We always used to say that India would either accept you or reject you, take you in or spit you out. A land of intense extremes -- in climate, in topography, in mood, in levels of wealth and status -- India was the home of the Buddha's middle way, avoiding extremes both of self indulgence and of self mortification. "How did that happen?" we used to joke, when I lived there in the early seventies.
I had gone to India as so many had, to find a spiritual teacher, to find a meditation method -- really to find myself. India, with its intense generosity of the spirit, its frank inability to hide pain or loss, its kindness and its chaos took me in. It became my spiritual home, therefore my primary home. For years I couldn't imagine living anywhere else. I spent hours scheming over my visa extensions, trying to figure out how to accomplish my goal. India really became for me, "Mother India," the place, in a way, that I was actually born. India was the only place on earth that made sense to me.

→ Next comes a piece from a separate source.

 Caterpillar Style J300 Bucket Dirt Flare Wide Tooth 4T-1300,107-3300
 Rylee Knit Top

Circumstances didn't allow that, of course, and I am very much a citizen of the USA these days, and an especially happy one these post-election days. (Last week, crossing back into the US at the Toronto airport, when the immigration official said, "Welcome home," I started to cry.)

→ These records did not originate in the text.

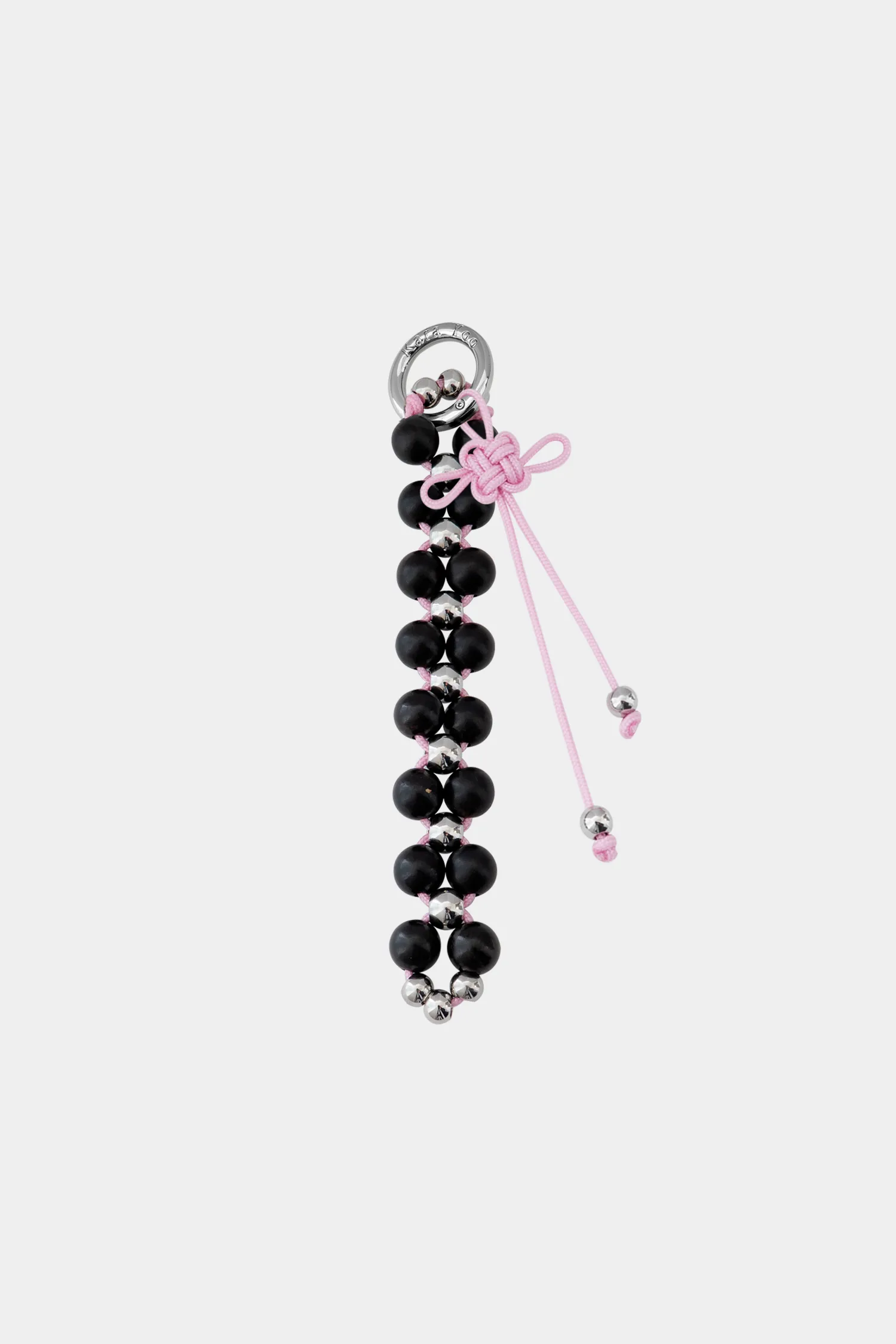 Weave Beaded Loop sold by Kara Yoo product image thumbnail 5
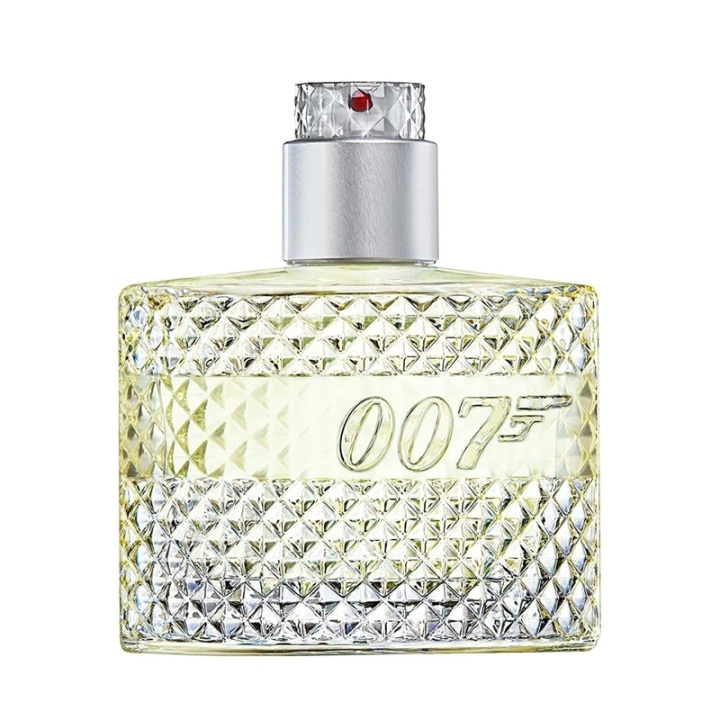 James Bond 007 Cologne Edc 30ml i gruppen HELSE OG SKJØNNHET / Duft og parfyme / Parfyme / Parfyme for han hos TP E-commerce Nordic AB (A11085)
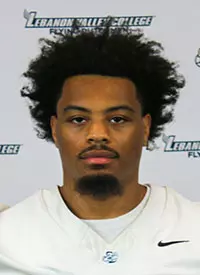 Clay Lawrence and Dominic Foster - 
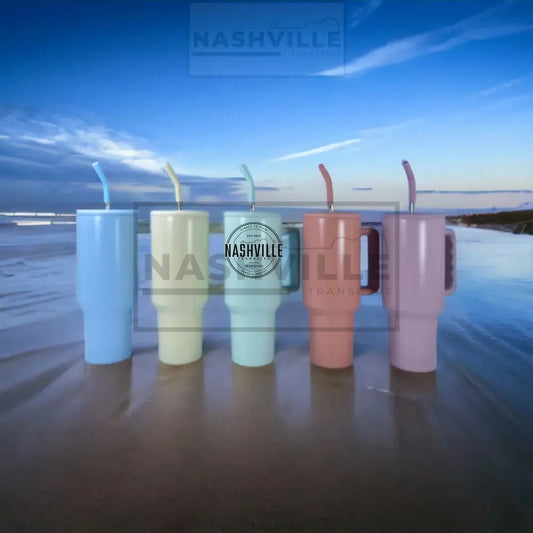 40Oz Thist Quenchers Customizable Tumblers Gang Sheet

Yet every single thing I learned in India points me to the understanding of how inextricably connected we all are. I've spent days following news stories of the tragic events in Mumbai. In years gone by, it literally could have been me attacked in any of those sites -terrified, hurt or killed. Figuratively, it was me, as it was all of us. One thing the truth of interconnection should tell us is that what happens "over there," doesn't just stay "over there." We are bound by so many threads to one another.
It's not just that next week it might be New York City or L.A. It's more that all of our divisions of us and them and self and other recreate the world where such violence is possible. These divisions seek to exclude rather than include, ignore others rather than pay attention to them, and fuel hatred as though it was our singular source of strength. We have to look as deeply as we can into what binds us together, and also what tears us apart. If we stay on the surface of things, we will go round and round cycles of helplessness and despair in perpetuity.
Maybe it is because I've had a big dose of hope realized recently that I, even in the midst of such pain and trauma, think perhaps we can look that deeply, both into our own hearts and into systems of government, economics and religion that discard others, making it ok to casually steal their future, or step over their bodies as though they don't at all count. If we are willing to look very very deeply, I suspect that we will discover that no matter where we started, everywhere can be, and must be, considered home.